Are there any good online resources that give good live/current local readings of the barometric conditions?


----------



## Salmonid (Apr 14, 2004)

Most folks will agree that a steady change in the barometric pressure affects the fishing but sometimes good and sometimes bad, I typically have found that when a Low pressure system is overhead/bluebird skies, that I do not do well for bass or catfish, as these two speies are VERY pressure related species. When the barometer drops to really low numbers fairly quick, again most gamefish seem to not as well, if its starting higher and slowly falling, not so noticable. 

I use www. wundeground.com then put in your zip code, then scroll down to "Weather History for this location" , then go down to the barometric pressure area and see what it did on your crappy days vs better days. Id like to see some concrete evidence here but for everyone who states they do crappy, someone will do great... I just go by my past experiences and try to learn from them...and I still have plenty to learn...LOL

Salmonid


----------



## SConner (Mar 3, 2007)

Glad to find barometric pressure was to blame, I was starting to think it was me


----------



## small talk (Feb 13, 2009)

SConner said:


> Glad to find barometric pressure was to blame, I was starting to think it was me


Perish the thought!

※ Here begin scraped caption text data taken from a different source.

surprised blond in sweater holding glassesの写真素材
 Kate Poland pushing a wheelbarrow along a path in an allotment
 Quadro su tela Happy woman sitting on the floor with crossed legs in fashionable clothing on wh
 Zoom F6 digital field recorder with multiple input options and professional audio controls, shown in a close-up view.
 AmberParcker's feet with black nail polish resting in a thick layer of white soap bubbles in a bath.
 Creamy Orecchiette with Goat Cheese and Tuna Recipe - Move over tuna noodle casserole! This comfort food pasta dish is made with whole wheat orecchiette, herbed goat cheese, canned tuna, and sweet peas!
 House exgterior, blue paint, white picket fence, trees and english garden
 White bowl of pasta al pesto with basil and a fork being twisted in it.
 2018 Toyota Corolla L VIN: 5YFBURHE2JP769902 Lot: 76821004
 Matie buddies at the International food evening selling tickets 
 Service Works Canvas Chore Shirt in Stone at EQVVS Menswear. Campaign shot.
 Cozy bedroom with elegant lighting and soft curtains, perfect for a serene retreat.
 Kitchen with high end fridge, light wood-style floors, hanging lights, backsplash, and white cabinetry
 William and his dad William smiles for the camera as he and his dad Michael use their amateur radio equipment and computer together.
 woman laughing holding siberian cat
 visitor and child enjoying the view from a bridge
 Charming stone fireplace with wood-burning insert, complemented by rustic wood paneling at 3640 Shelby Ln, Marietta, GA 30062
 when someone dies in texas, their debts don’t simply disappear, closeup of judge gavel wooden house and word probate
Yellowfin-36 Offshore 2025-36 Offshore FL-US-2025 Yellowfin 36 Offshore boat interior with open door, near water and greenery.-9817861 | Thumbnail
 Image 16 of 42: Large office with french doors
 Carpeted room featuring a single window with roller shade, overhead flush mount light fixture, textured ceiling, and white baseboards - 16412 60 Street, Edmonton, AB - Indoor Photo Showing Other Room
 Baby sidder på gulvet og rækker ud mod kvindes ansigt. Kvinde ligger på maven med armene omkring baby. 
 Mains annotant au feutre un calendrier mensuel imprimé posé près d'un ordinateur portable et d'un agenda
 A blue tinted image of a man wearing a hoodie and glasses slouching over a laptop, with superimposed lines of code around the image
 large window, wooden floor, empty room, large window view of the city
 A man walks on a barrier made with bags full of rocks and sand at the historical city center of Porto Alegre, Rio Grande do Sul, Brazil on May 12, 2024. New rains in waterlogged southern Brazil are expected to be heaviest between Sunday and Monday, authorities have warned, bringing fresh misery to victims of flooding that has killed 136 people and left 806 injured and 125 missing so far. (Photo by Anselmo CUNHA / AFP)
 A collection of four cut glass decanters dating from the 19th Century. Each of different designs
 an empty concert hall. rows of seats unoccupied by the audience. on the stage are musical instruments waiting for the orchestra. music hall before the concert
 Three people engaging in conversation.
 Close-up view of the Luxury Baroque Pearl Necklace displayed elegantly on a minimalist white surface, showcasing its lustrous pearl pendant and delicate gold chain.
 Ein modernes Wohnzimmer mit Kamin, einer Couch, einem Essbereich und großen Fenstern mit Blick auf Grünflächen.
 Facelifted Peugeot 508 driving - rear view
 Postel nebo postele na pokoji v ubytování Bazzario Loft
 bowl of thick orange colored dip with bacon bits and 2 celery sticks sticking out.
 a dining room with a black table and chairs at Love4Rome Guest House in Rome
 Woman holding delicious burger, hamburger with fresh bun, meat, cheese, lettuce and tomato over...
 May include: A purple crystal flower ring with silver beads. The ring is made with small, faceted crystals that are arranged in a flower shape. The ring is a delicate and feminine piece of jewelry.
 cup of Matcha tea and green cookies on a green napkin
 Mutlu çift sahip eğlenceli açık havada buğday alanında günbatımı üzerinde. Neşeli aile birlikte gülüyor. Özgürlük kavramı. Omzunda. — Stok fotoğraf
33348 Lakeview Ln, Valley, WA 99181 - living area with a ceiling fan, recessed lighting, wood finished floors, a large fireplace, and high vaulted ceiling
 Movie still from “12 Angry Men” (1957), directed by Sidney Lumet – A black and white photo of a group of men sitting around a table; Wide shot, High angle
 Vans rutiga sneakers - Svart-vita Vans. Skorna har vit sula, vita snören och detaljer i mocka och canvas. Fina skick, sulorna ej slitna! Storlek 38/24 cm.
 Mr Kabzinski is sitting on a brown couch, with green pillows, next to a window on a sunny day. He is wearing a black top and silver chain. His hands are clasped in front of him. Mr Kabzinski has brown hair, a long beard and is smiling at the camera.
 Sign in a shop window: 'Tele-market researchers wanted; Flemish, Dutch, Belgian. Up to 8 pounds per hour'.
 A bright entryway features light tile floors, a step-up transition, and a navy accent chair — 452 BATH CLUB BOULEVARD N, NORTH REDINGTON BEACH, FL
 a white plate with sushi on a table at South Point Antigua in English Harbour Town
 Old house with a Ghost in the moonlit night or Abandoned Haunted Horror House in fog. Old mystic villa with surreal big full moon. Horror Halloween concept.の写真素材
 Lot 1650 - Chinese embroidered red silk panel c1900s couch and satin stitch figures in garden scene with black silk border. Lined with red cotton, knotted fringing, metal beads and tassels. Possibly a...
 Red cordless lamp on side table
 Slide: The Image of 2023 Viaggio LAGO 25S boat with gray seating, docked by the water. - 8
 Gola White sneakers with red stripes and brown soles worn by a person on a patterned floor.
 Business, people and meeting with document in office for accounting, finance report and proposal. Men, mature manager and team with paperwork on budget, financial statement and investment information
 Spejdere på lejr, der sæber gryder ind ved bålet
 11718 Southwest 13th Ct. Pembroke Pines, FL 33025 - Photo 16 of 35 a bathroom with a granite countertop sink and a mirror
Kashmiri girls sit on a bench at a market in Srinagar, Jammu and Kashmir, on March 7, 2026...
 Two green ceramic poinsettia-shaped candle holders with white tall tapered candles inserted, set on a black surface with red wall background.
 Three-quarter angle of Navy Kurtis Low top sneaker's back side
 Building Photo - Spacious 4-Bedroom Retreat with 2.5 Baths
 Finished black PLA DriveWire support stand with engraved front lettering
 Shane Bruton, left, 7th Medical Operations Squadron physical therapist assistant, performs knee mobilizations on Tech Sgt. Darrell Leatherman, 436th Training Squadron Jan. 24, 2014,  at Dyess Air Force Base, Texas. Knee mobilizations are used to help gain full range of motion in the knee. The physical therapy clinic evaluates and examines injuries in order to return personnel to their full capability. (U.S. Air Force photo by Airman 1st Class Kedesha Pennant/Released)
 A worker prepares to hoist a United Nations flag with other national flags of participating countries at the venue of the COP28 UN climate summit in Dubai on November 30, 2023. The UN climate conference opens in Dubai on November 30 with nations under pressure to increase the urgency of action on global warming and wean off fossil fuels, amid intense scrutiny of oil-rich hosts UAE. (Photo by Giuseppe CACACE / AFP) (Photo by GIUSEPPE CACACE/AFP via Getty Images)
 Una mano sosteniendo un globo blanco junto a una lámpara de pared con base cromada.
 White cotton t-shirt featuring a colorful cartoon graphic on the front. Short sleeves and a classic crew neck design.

I appreciate your report, Scott. (if each outing were outstanding, outstanding days would not seem as awesome).

Barometric pressure is not a data point I've kept in the past logs...maybe it's time to start and fill in some details.


----------



## HOUSE (Apr 29, 2010)

Here you go guys, Just when you thought you'd seen it all!
You will have to think of a better excuse than barometric pressure now, lol









I modified this Barometric Pressure "Cheat Sheet" from their website:
* *High Pressure (30.50+) =* Clear Skies = Fishing Medium to Slow = Fish slowly in deeper water or near cover.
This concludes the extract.